Published November 10, 2010

You exact revenge on the Alumni Association

You give Wright State University an opportunity to give back
You give Wright State University an opportunity to give back

You decide to take a stand against Wright State University’s Alumni Association for their crass demands for money. You sip your morning coffee and do a cursory Google search for the WSU Alumni Association site. You find it and study its language so as to imitate their strategy well. You read a particular disquieting passage: “The Wright State Alumni Association offers exciting outings, the chance to meet new people and an opportunity to give back.”

Shocked, you nearly spit your coffee everywhere, but luckily you are able to merely spew a few tablespoons into your lap. You are outraged at the Alumni Association’s impudent behavior, especially the arrogant insinuation that you have done nothing but take from Wright State University.

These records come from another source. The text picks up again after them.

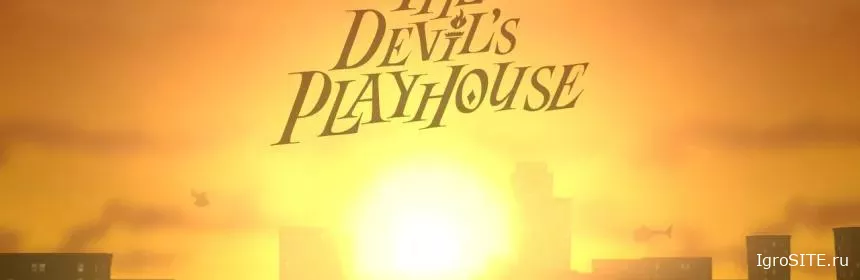 Обзор игры: SAM & MAX: THE DEVIL’S PLAYHOUSE REMASTERED (SWITCH)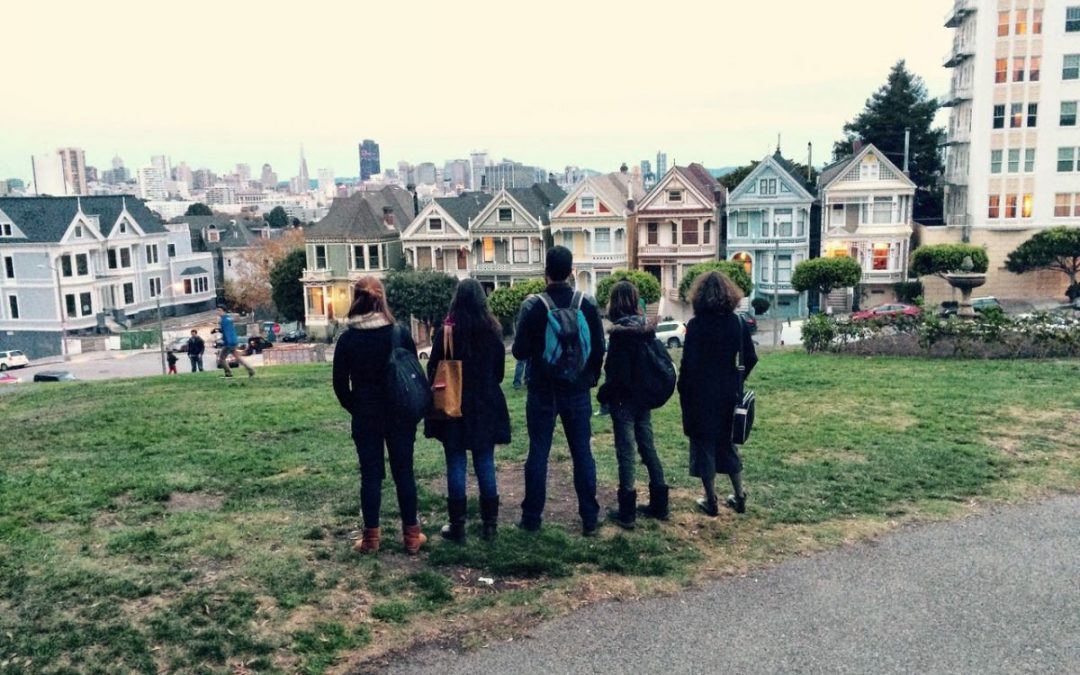 Masteryourself, historia de un viaje de aprendizaje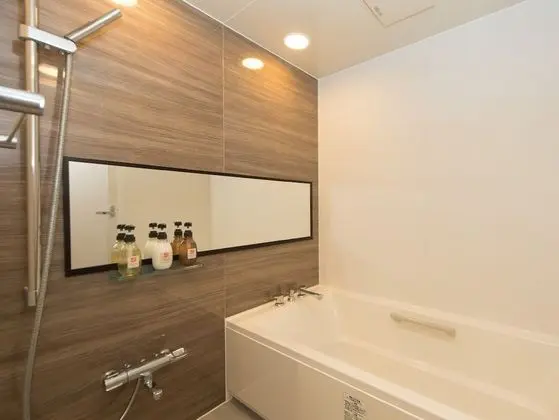 Premium Villa, 3 Yatak Odası, Sigara İçilmez (Camping)
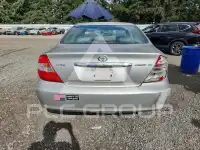 2003 Toyota CAMRY фото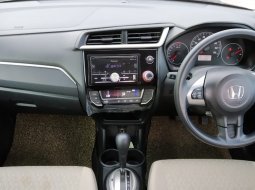 2019 Honda Brio Satya E 1.2 AT Jember Bondowoso Banyuwangi 4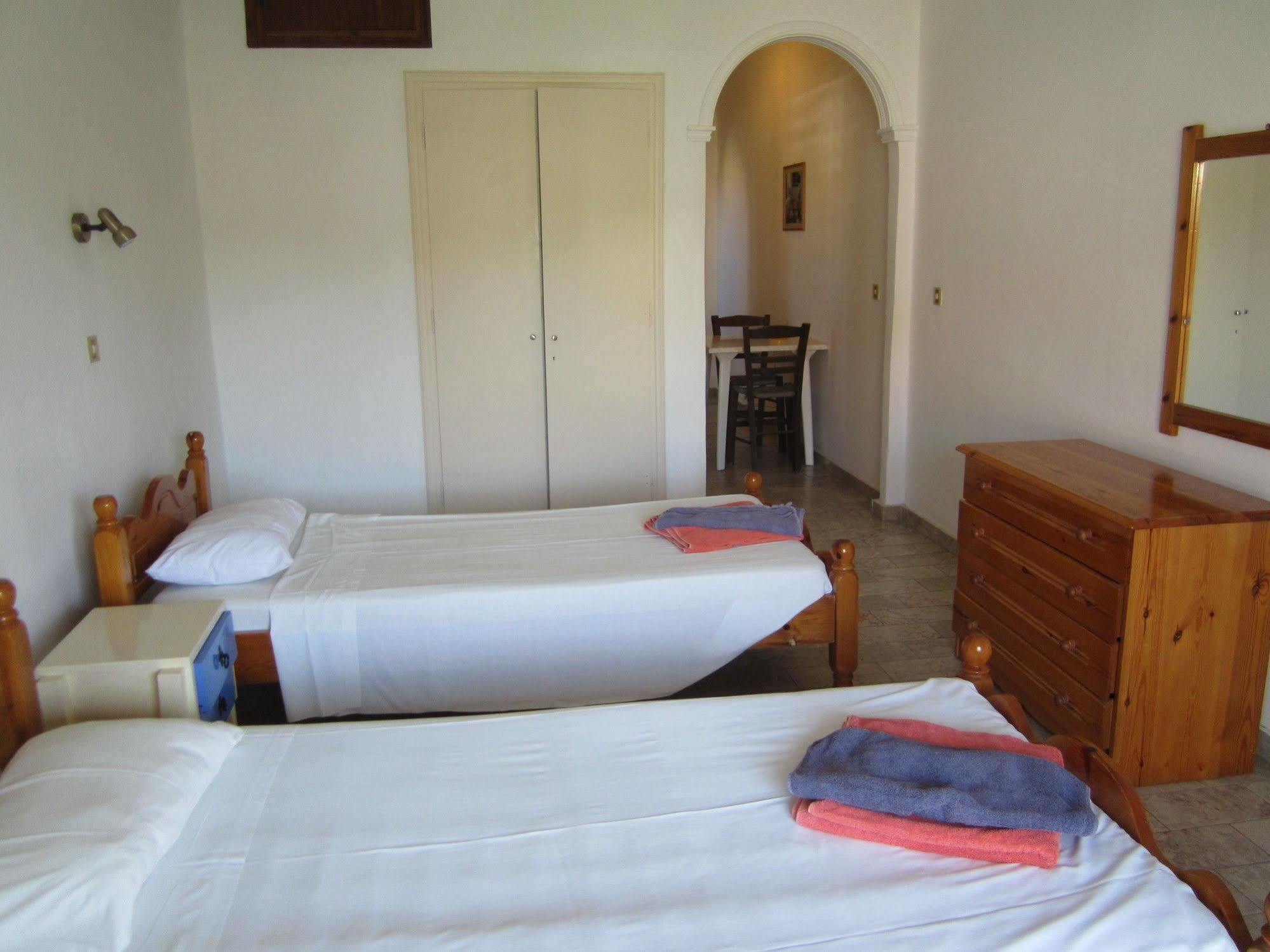 Island Bali (Adults Only) Hotell Kávos Exteriör bild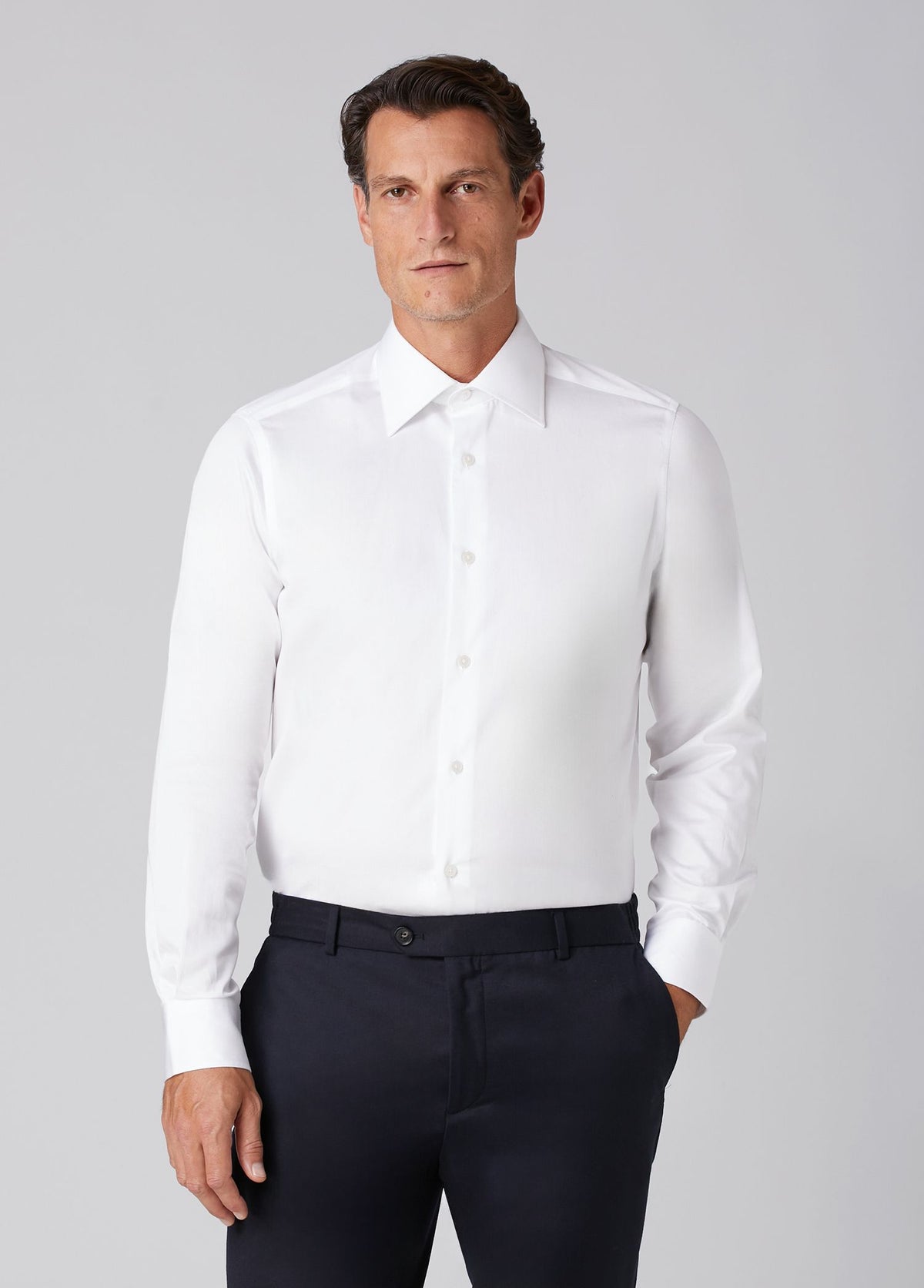 BEYMEN COLLECTION SHIRT - BEYMEN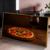 Quadro Pizzaria Italiana - Decor business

You continue reading. You find another noteworthy passage, “Our campus is built on a solid foundation of bricks, stone, mortar—and people.” That dash says a lot. It says, “Please excuse our alumni from combining figurative and literal speech willy nilly.” They go on to insist that the aforementioned bricks are a beloved landmark. “In the way that the Berlin wall is a beloved landmark,” you suppose.

You look to the site’s navigation menu and find, “Who Are We?” You click on it hoping to find a “How Dare We!” section but to no avail. You read instead from the benefits of membership, such as they may be. There you find that Wright State is cahoots with Life Connection of Ohio. If it’s not tasteless enough that they’re going to ask the unemployed for money, they’re going to try to get your blood, bones, pancreas, or liver. The Alumni Association will scoop out your corneas so you can “give back” even if you are seemingly destitute.

You call the Alumni Association directly at (937) 775-2620. A woman answers: you politely begin the conversation thus, “Hello, my name is Luke Teaford. I just want to make sure you have my current address.”

She clacks at the keys and says, “I have 20 Anne Park, Sumter, South Carolina?”

“No, it’s actually 20 and a half,” you correct her, crucially.

“Will that be all, sir?”

No, that is not all. “As you may be aware, I worked hard for my degree,” you say. She agrees pleasantly enough. “And now I’d like to offer you this exciting opportunity to give back by mailing a $50 contribution to my home address.”

She becomes indignant as you might have expected. You feel less victorious than one might imagine because calling someone and asking for money in a cloying, condescending voice is disgusting, even if done in an arch manner.

You spend the rest of the day writing a children’s book. You are going to a social function at Emily’s school tonight. To avoid the embarrassment of being unemployed you will pretend to have a job, casually dropping your title now and again. You just need to get your story straight.